So the other day i experienced difficulty starting my VW polo 1.9 sdi 2002, (9N engine model). It normally starts immediately, but this time it turnt over for a good 30 seconds before finally stuttering, then eventually firing on all cylinders. Once started, it ran perfectly.
However, on driving for a few minutes i started to notice the smell of diesel. I pulled over, lifted the bonnet and there was diesel all over the engine, pooling below the injectors. Anyway, i had to get it home, so an hour later, i decided to start it again, (it was a bitch to start again), and got it back to my house.
I discovered there was a large hole in one of the scavenger/return pipes coming off the third injector back to the diesel pump. I took the pipe off and went and got a replacement. My lack of knowledge meant that i left it for about a hour without the pipe connected. This obviously let loads of air in the fuel lines....
I replaced all the scavenger pipes on the car and attempted to start it. No luck at all. Not even firing on one cylinder. This was because i let a lot of air into the fuel lines, an it needed to be bled.
Some diesel cars have a fuel pump in the fuel tank which can be used to get fuel back to the filter/engine bay fuel pump when the lines need to be bled. But on the SDI polo it only has one fuel pump in the engine bay. Therefore it needs to suck the fuel all the way from the tank, through the filter and into the pump, then push it out through the injectors into the engine. I had let so much air in that there wasn't any air within the filter, so a long way for the fuel to go before it was going to start! Basically i thought the only way to get it to start was to just crank it over and eventually it would pull the fuel through the lines.
I managed to flatten the battery trying to get it to start, but without any luck at all, not even a flicker of life. I then got the local car part shop to charge up the battery and attempt to start it again. I stopped after the battery began to die again.
3rd attempt: Pre-filling fuel filter and bleeding the fuel lines via the injectors.
I read about pre-filling the fuel filter on this forum page: How To: SDI/TDI Fuel Filter Change - Car Care, Maintenance and Mechanical - Club Lupo
I pre-filled it using this info by pouring some diesel in the top of the filter after removing the T connector on the top.
I then got my friends car and connected the batteries using jump cables (this was because my battery was pretty much flat again, and i was too embarrassed to go back and get the shop to charge it up again...) I started her car and got her to give it some revs to give my battery some extra power.

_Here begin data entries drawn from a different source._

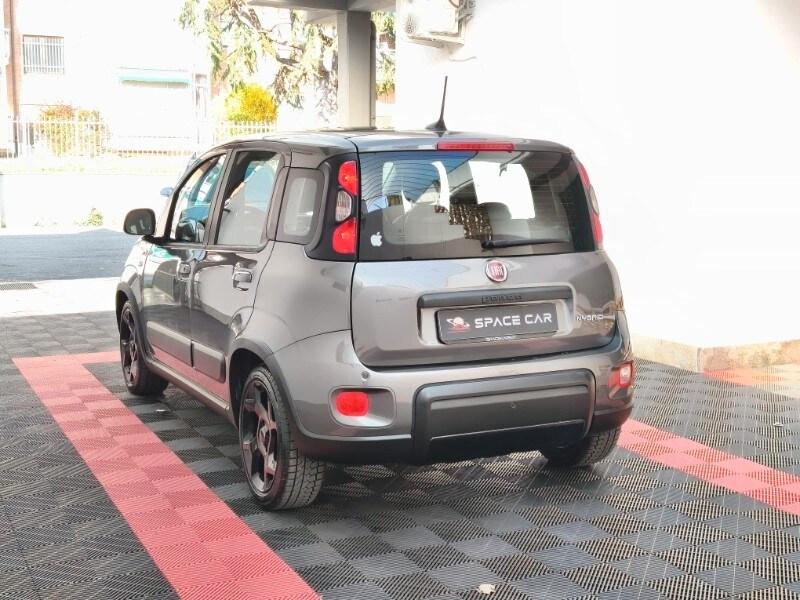 FIAT Panda 3ª serie Panda 1.0 FireFly S&S Hybr...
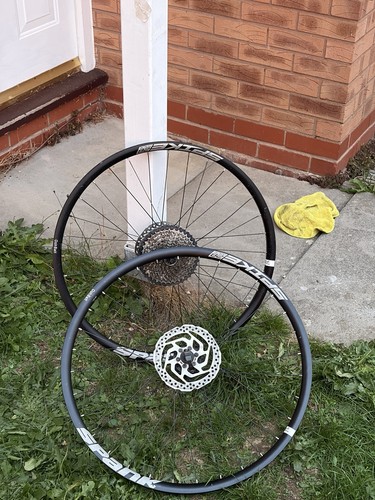 Spank spike race rims - spank,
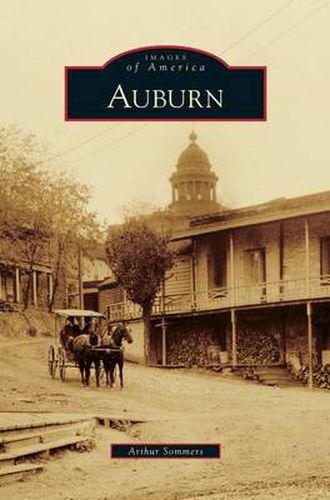 Cover image for Auburn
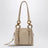 Bauletto mini Dangle rosa cipria
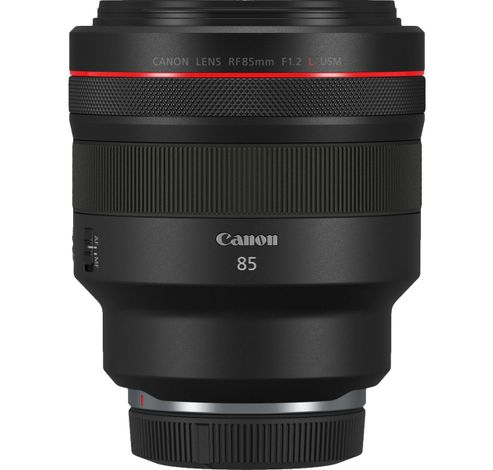 RF 85mm f/1.2L USM  Canon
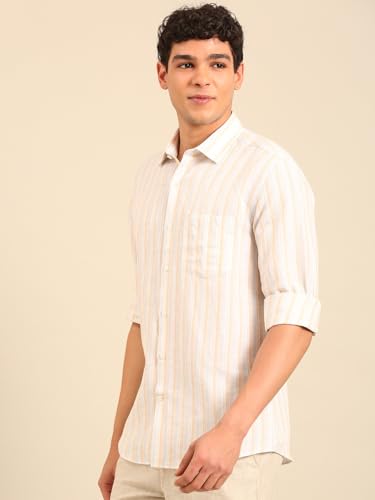 Image of Linen Club Men Shirt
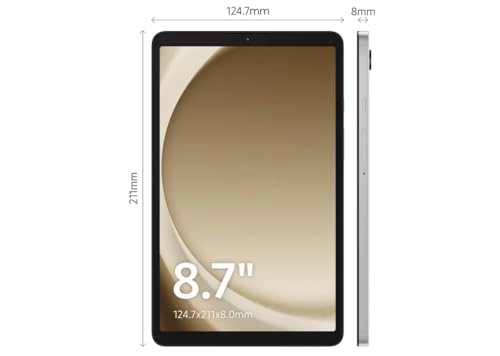 Galaxy Tab A9 - 128GB 8.7"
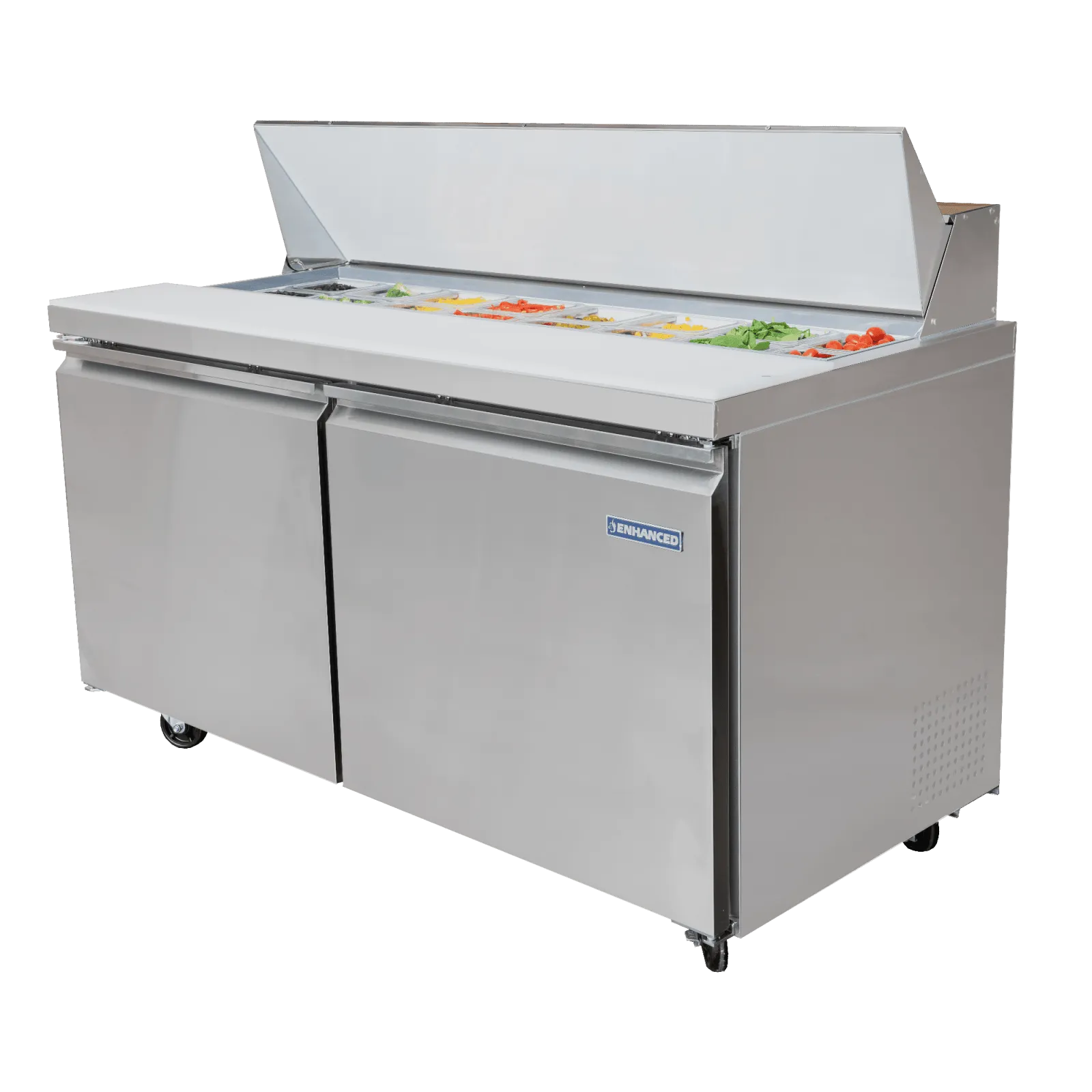 ESP-60-HC Enhanced 60" Refrigerated Sandwich/Salad Prep Unit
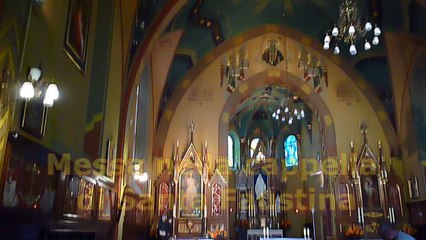 Pilgrimage from Sicily to sancte Sister Faustina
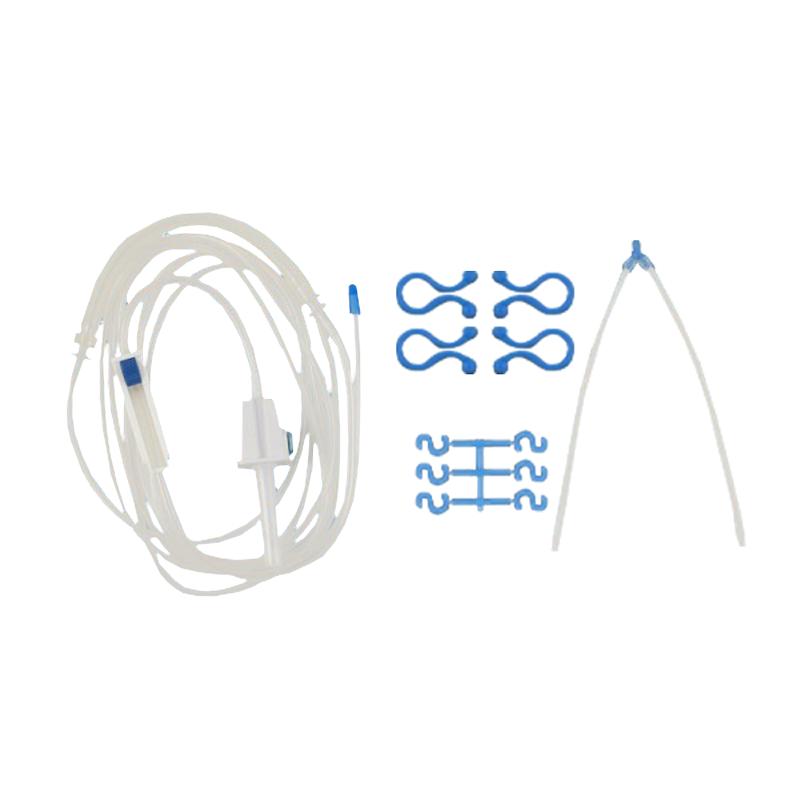 Irrigation Set Nouvag 10pcs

I then 'cracked' off the far right (when looking at the engine) injector and got a friend to crank the engine for 10 second intervals (to give the starter some rest), every time the engine was switched off i tightened the injector again to prevent any air getting back in (not sure if this is essential). After quite a while, maybe 5 mins of on and off cranking, some diesel began to come out. But it wasn't spurts, it was more of a trickle. However, the engine wasn't even slightly firing up. I then for some reason decided to crack the far left injector nut instead, (tightened the far right one, so only one injector was cracked). I began the process again with my friend cranking the engine over for 10 seconds, followed by some rest. After the second attempt fuel began to come out in a trickle and the engine began to fire on one or two cylinders. On the third attempt it fired up completely. I tightened the injector nut, disconnected the jump leads and the car was back to life!
Anyway, the reason i'm posting this was because i couldn't find much information about bleeding the VW POLO 1.9 SDI 9N (2002- not sure what year) diesel fuel lines. I read a lot about using VAGCOM (or whatever its called) to plug into certain cars to electronically start the fuel pumps in the tank and engine to prime them. But obviously on the POLO SDI 2002, there is no fuel tank pump, so this wasn't possible.
So hopefully if anyone else wants to save some money and do this themselves, all they need is a spanner for the injectors, a mate turn the car over and probably a battery charger or jump leads.